«Cacciato dal mio tennis In catene per riaverlo»

Era il «suo» tennis club. Ora ci si incatena davanti perché, dice, «i nuovi gestori non pagano l’affitto da un anno esatto». Chi avrebbe mai detto che sarebbe finita così: Bepi Zambon incatenato alla sua roulotte, di fronte al “Tennis Club 82” che di suo, ora, non ha neppure il nome; i gestori attuali a pochi metri di distanza, a dirsi «dispiaciuti per la vicenda umana» ma a smentire assolutamente che l’affitto non venga pagato. Chi ha ragione? I rispettivi avvocati sono già al lavoro, ma Bepi ha scelto il modo più eclatante per portare avanti la sua battaglia. Come una discesa a rete improvvisa: chissà se ora arriverà la volée vincente o il passante implacabile.
Fuor di metafora: Bepi dice di rivolere il suo tennis club, mentre i gestori (Mara Comin, Guido Furlanetto, Luca Fereghino) tirano dritti per la loro strada: «L’affitto lo paghiamo regolarmente, anzi, è lui ad averci nascosto parecchi debiti, quando siamo subentrati. E in questi giorni si è introdotto di nascosto, di notte, negli uffici per riprendere cose sue. Perché è arrivato a questo punto?
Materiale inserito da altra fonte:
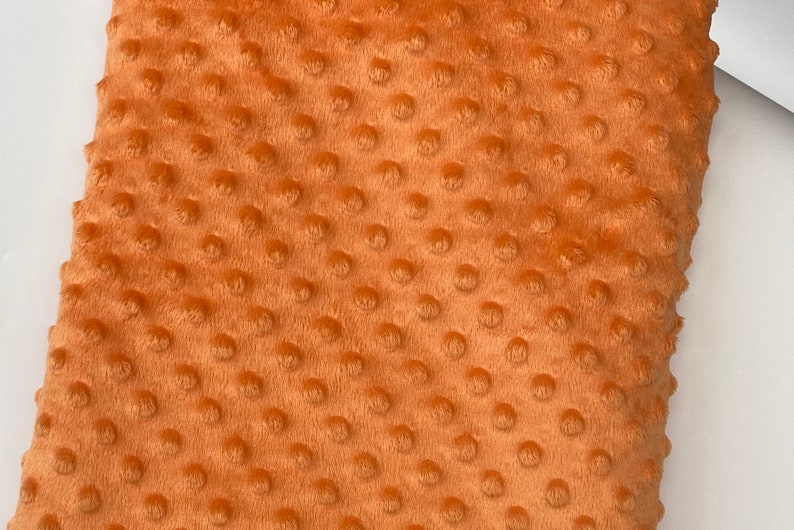 May include: Close-up of a soft, orange fabric with a textured, dotted pattern. The fabric is plush and has a fuzzy texture.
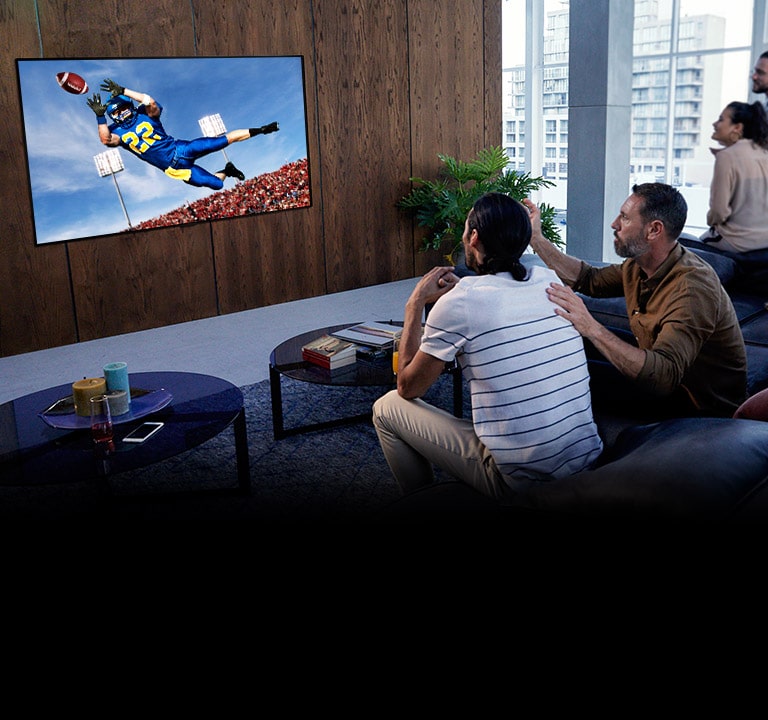 Personen, die sich ein Spiel von "Tottenham" in ihrem Wohnzimmer auf dem Fernseher ansehen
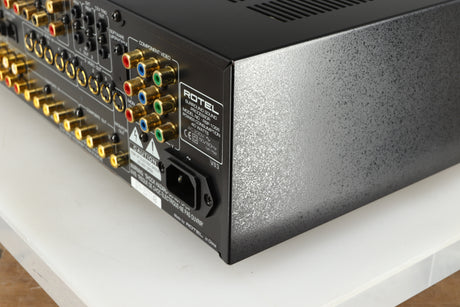 Rear left corner of a used Rotel RSP-1066 Pre Amplifier / Processor in a black finish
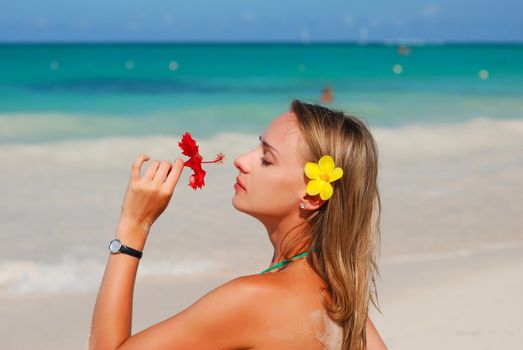 Girl with flower on caribbean beach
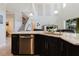 Stylish kitchen featuring a large island with stainless steel appliances and an open view of the living room at 27094 Carolina Astor, Wesley Chapel, FL 33544
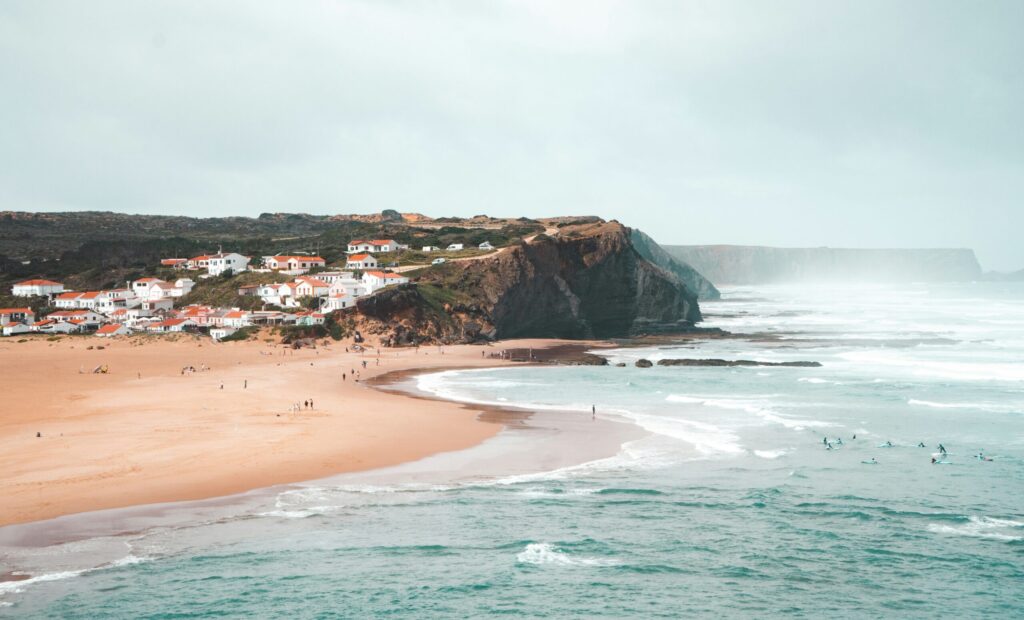 A scenic view of the cliff face and the town of Arrifana surf in the background, featuring the ocean where people are learning to surf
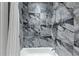 Beautiful bathroom featuring decorative marble tile, modern fixtures, and a luxurious bathtub at 3562 Clubland Dr, Marietta, GA 30068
Noi siamo sempre stati disponibili, ma ora basta: lo abbiamo denunciato».
Bepi dice di volere «la risoluzione del contratto d’affitto non rispettato», e si lamenta di essere stato «infangato, tanto da essere stato costretto a cambiare città per la vergogna, ora vivo ad Ascoli» per la vicenda giudiziaria che ha toccato la struttura di via Medaglie d’oro, con l’indagine della Procura per la presenza di rifiuti smaltiti nello scavo di costruzione della nuova piscina. Indagine che si è chiusa con l’archiviazione della posizione di Zambon e un decreto penale di condanna da novemila euro per i gestori, ma questa vicenda sembra marginale: il nodo centrale è l’affitto. «Ho ceduto la gestione a loro nel luglio 2012, pattuendo diecimila euro al mese d’affitto», spiega Zambon, «me ne hanno dati settemila nei primi mesi, poi duemila. Da maggio dello scorso anno, nemmeno quelli». Circostanza che i gestori attuali smentiscono: «Contratto d’affitto nero su bianco e regolarmente pagato», spiega Mara Comin, «non so perché Bepi sia arrivato a questo punto. Nessuno, qui, gli ha mai chiuso le porte in faccia. Anzi, gli avevamo anche proposto di restare come maestro di tennis, non ha voluto. Mi dispiace per la vicenda umana, ma non possiamo accettare che dica falsità sul nostro conto».
Due verità distantissime, come sono distanti i ricordi immortalati nelle foto e nei quadri che Bepi ha posato sulla sua roulotte: vittorie, coppe, gloria nel suo amato sport. Ora ha 71 anni ed è arrivato a questo. Due carabinieri, a debita distanza, controllano discretamente che la situazione non si surriscaldi. Spente le telecamere e chiusi i taccuini dei giornalisti che lui stesso ha chiamato, Bepi slaccia le catene e se ne va, in silenzio. Quello non è più il suo tennis club.